Given the growth of the Web, no one questions the importance of helping web site developers and usability engineers (UE) measure the effectiveness of their creations. The work described here is part of the NIST WebMetrics [5] project. The goal of the project is to develop experimental prototypes of remote, rapid, and automated tools for testing the usability of web pages and web sites.
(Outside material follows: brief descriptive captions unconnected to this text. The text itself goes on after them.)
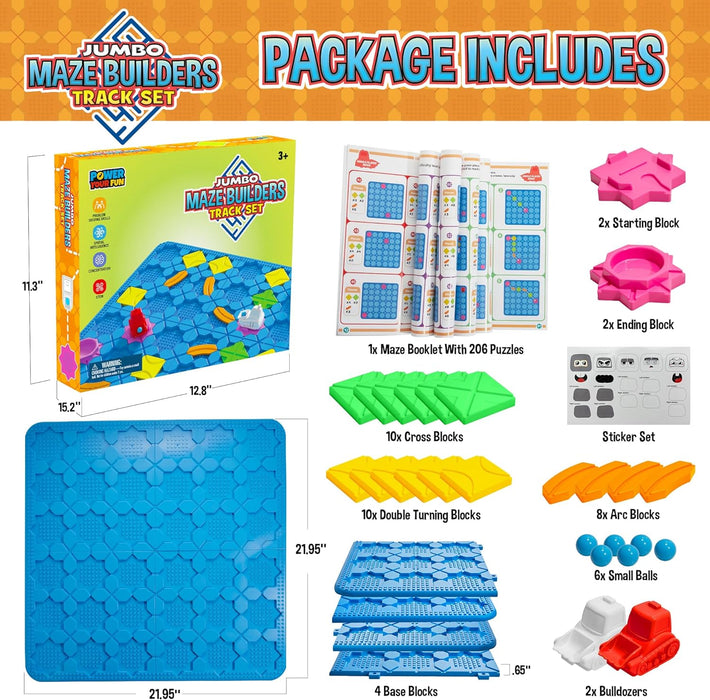 Maze Builders Track Set Jumbo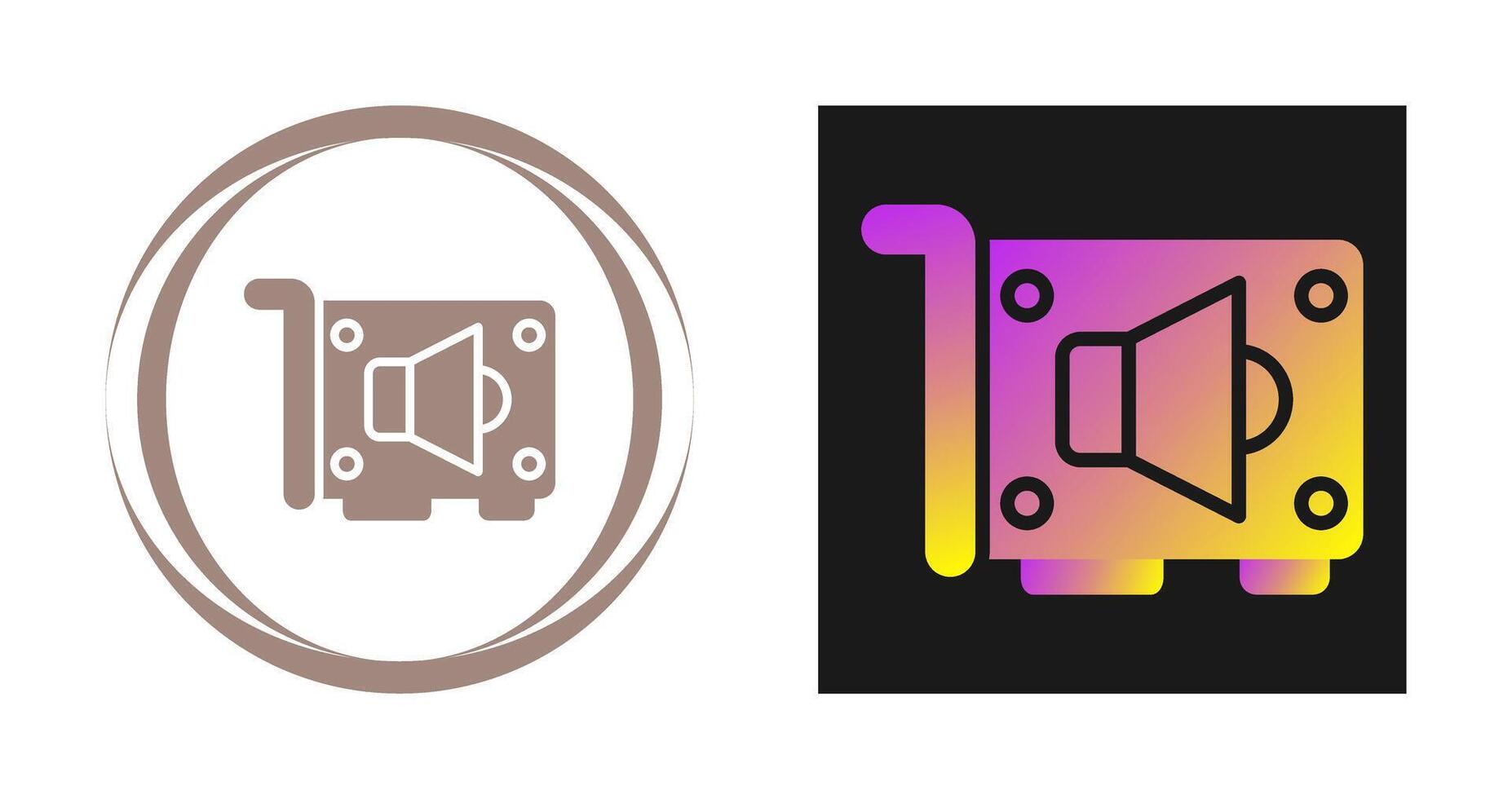 Vektorsymbol für Soundkarte vektor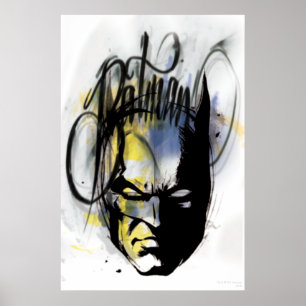 Póster Retrato de Batman Airbrush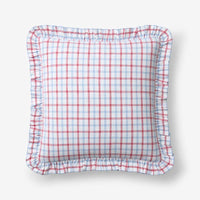 Classic Plaids Yarn-Dyed Cotton Decorative Square Pillow Cover - Graph Plaid,Graph Plaid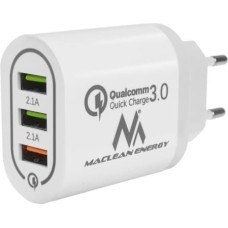 Maclean Energy MCE479W 3xUSB lādētājs QC 3.0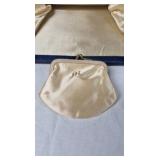 Vintage Evening Clutch – Satin with Jeweled Clasp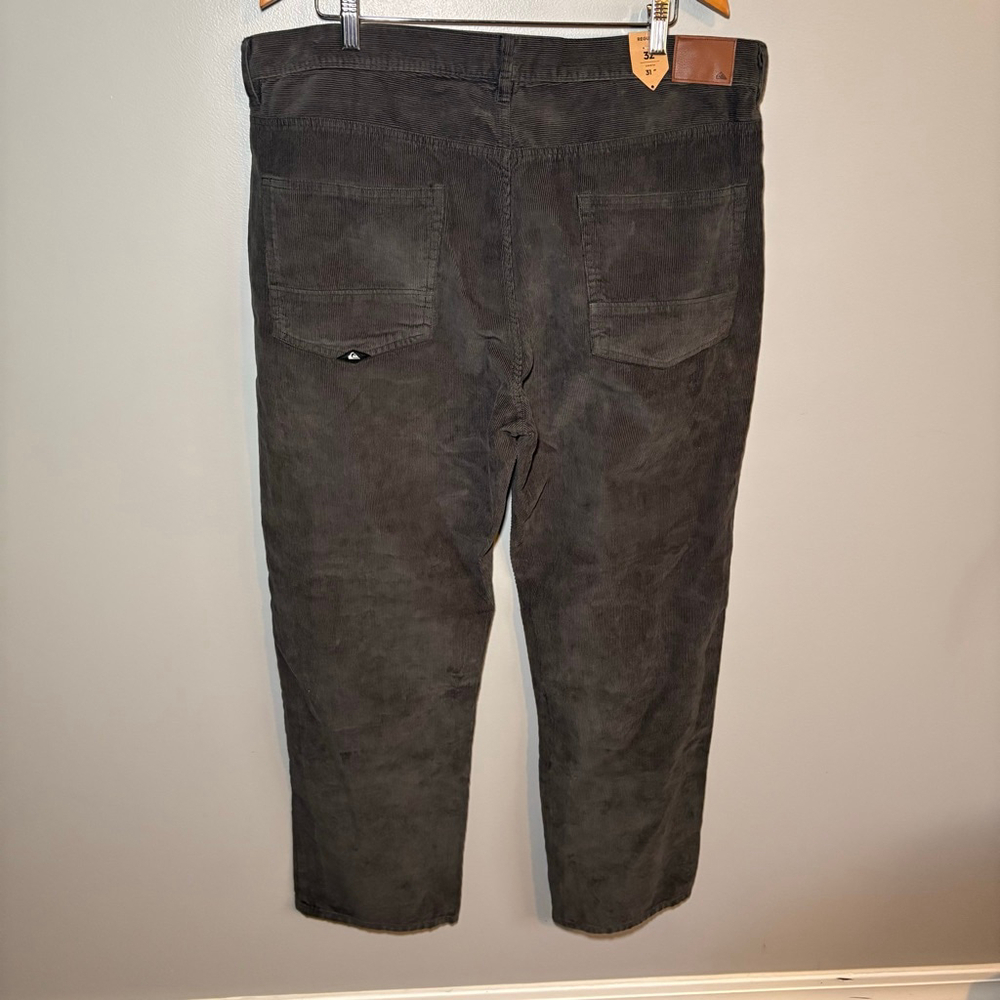 Men's‎ Quiksilver Gray Corduroy Pants Waist 40 - Picture 4 of 7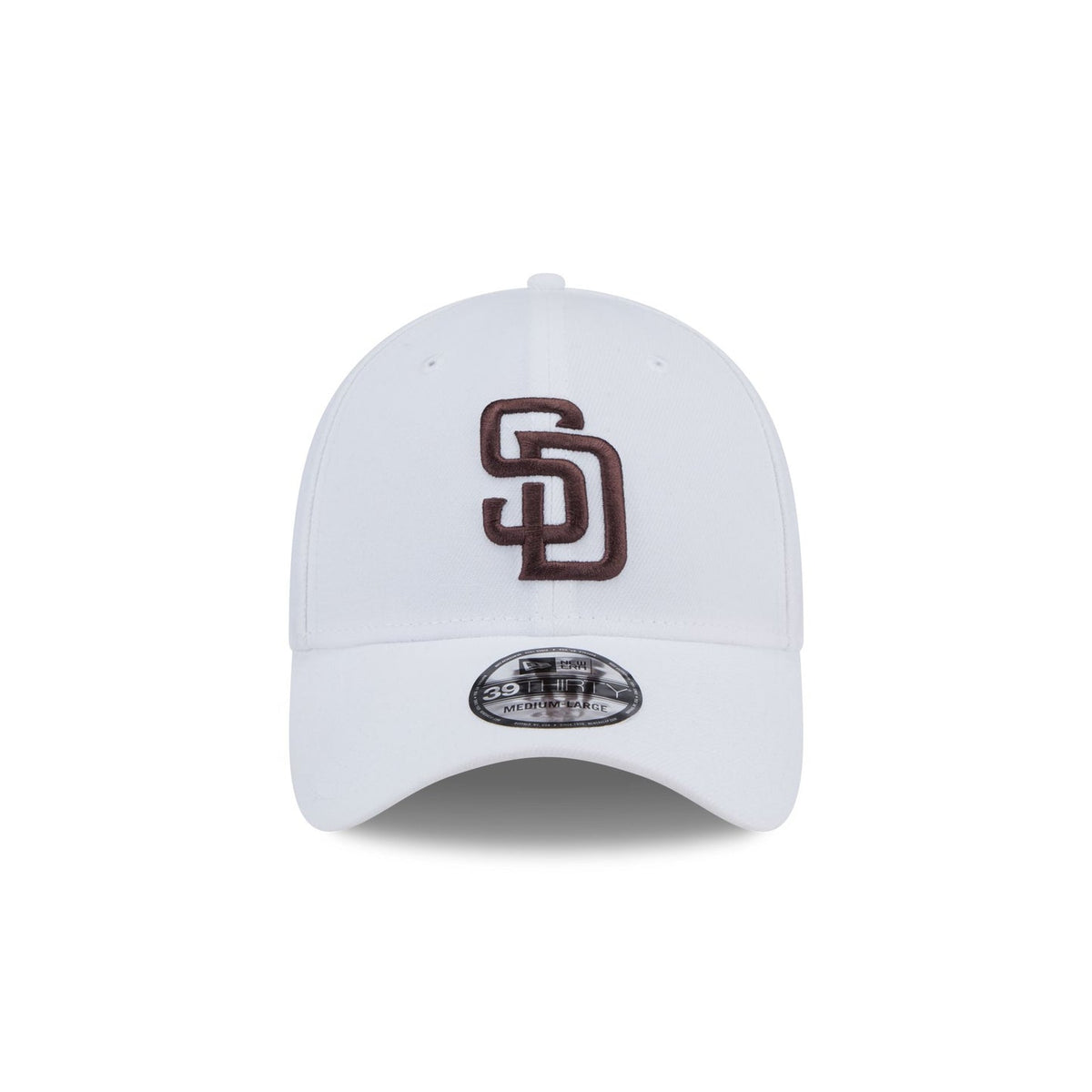 San Diego Padres Optic White 39THIRTY Stretch Fit Hat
In particular, the WebVIP tool allows the UE to instrument a web site so as to record the activity of a subject navigating the site. WebVIP captures only the transitions between pages, including use of the BACK button, and timing information. Recording activity within a page (e.g. filling out a form or clicking on checkboxes) is not yet supported, but this capability is currently in development for WebVIP and other systems [2]. The intended use of WebVIP is that subjects be given specific relevant tasks to perform, such as finding some information, or completing a transaction; the resulting trace is used to analyze the degree and source of any difficulty encountered. Of course, WebVIP could also record simple browsing, but the interpretation of activity that is not goal-driven becomes problematic.

The trace file generated by WebVIP, then, consists of a sequence of time-stamped jumps through the pages of a web site. We believe that this information represents a good opportunity to apply modern interactive visualization techniques for analysis and understanding.

2. Related Work

Although there are many tools to visualize web sites, we are aware of only one other effort, WebPath [3], in which the path of an individual subject within the web is depicted. The main purpose of WebPath, however, is not usability analysis but to provide the user with a more powerful history feature for general web navigation - it helps the user figure out where he or she has been; it does not help the UE analyze how well a specific web site supports some set of tasks.

Ed Chi et al [1] have presented some techniques for visualizing overall usage of pages within a web site, but do not try to depict paths (sequences of URLs). Their primary purpose is to show how a web site evolves over time.

The Footprints system [7] depicts typical paths through a web site as a navigation aid. These paths, however, are aggregates of several users. The system deliberately does not reveal individual paths.

3. Design and Features

Our goal was to produce a tool that enables the UE to explore the usage data compiled by WebVIP in a flexible way. We wanted the tool to exhibit reasonable default behavior so as to provide a good, first look at the data. We also identified many optional features that the UE might find desirable in order to control and customize the visualization. VISVIP uses familiar metaphors, highlights timing data, and, where useful, exploits 3D capabilities.

3.1 Web Site Topology

The web site is depicted as a directed graph, with pages as nodes, and links as edges. VISVIP automatically generates a 2D layout of the graph, using a force-directed algorithm. In our model, adjacent nodes exert a spring-like force on each other - they "try" to set themselves apart at a fixed distance. Non-adjacent nodes repel each other with a force inversely proportional to the distance between them. Initially we tried using the more familiar "inverse of distance squared" rule, but found that the graph did not spread out well enough because the repulsive force effectively vanished over longer distances. Finally there is a third force that weakly attracts all nodes towards the origin; this serves to keep parts of the graph that become unconnected from flying off to infinity.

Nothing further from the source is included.